每一部作品都是「單子」式地自成一體,評論界或文學史家卻發明諸般「裝置」,想方設法將它們分類組合,藉以生產學術話語。最方便的是「作家」(從小學作文到「晚期風格」,全部歸於一人名下),其次是「社團」(儘管後來的分崩離析恰證當初的結社組團純屬偶然),再次是「流派」(譬如「京派」和「海派」,硬生生從戲曲移置文學),然後是「風格」、「思潮」,一直推到「時代分期」。
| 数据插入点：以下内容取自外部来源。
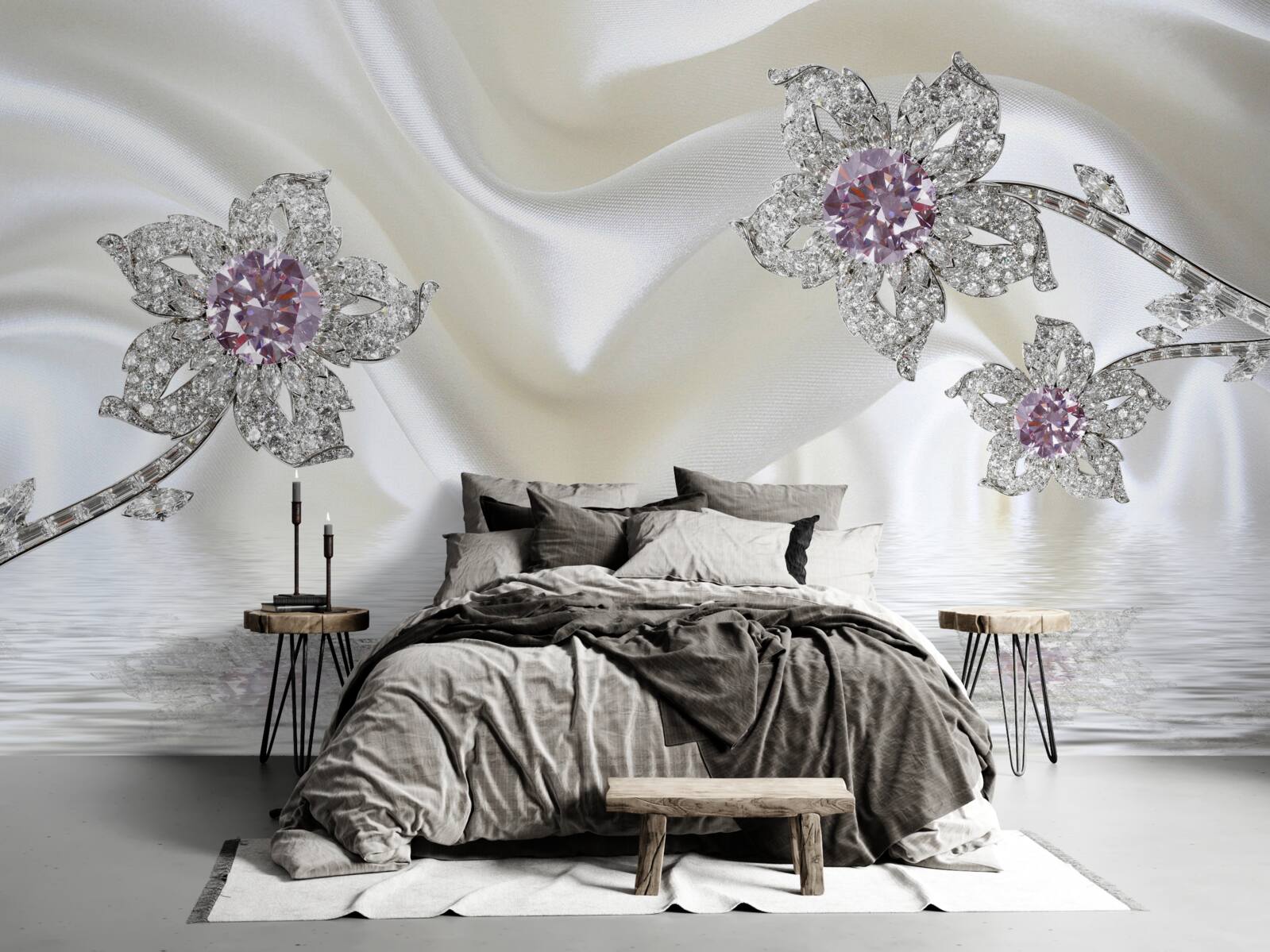 Фотошпалери срібні прикраси у вигляді квіткових форм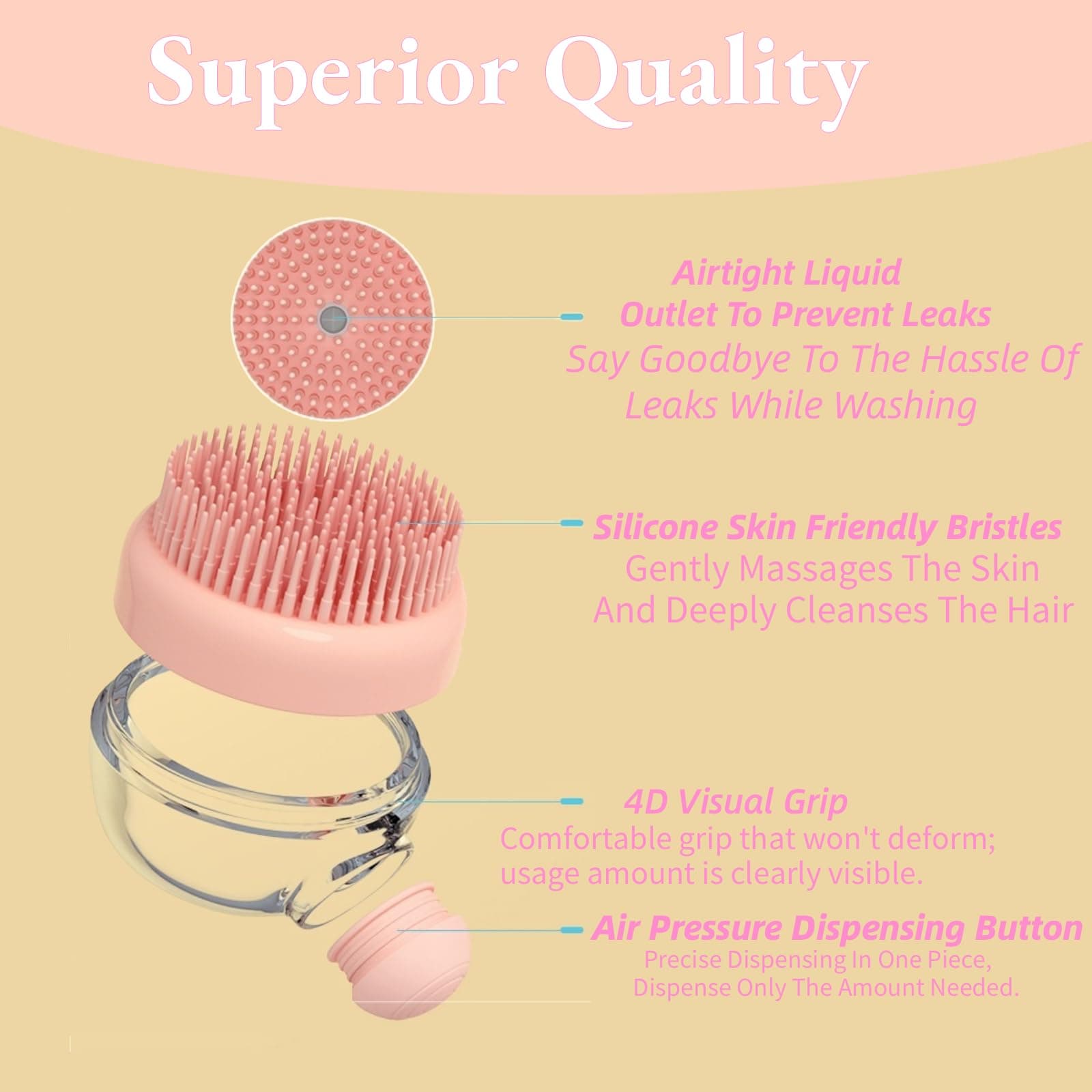 Dog Bath Scrubber Brush, 2Pcs Pet Dog Grooming Massage Shampoo Bath Brush with Soap and Shampoo Dispenser Soft Silicone Bristle for Long Short Haired Dogs Cats Shower-Pink - image 5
一九九〇年代,在「傷痕文學」、「反思文學」、「尋根文學」、「先鋒派」等裝置突然失效之後,由南京的《鐘山》雜誌(大型文學雙月刊)發起了「新寫實小說大聯展」,廣邀天下小說家入局(呼應者甚眾),而且一開始就小心避開了「主義」,只談「特徵」。評論家公推北京的劉恆(《狗日的糧食》、《伏羲伏羲》)和劉震雲(《單位》、《一地雞毛》),武漢的池莉(《煩惱人生》、《不談愛情》)和方方(《風景》、《白霧》),四位作家扛起了「新寫實」這面大旗。跟著便有一大班批評家參與發明裝置以積累文化資本,為「新寫實小說」定義,為之歸納出一些一二三四、甲乙丙丁。定義似乎頗玄奧,如「寫原生態生活」、「零度寫作」、「現象學還原」、「故事的回歸」等等。用常人都能明白的話來講,無非是說,「新寫實小說」老老實實地寫了中國老百姓過往幾十年實實在在的日常生活。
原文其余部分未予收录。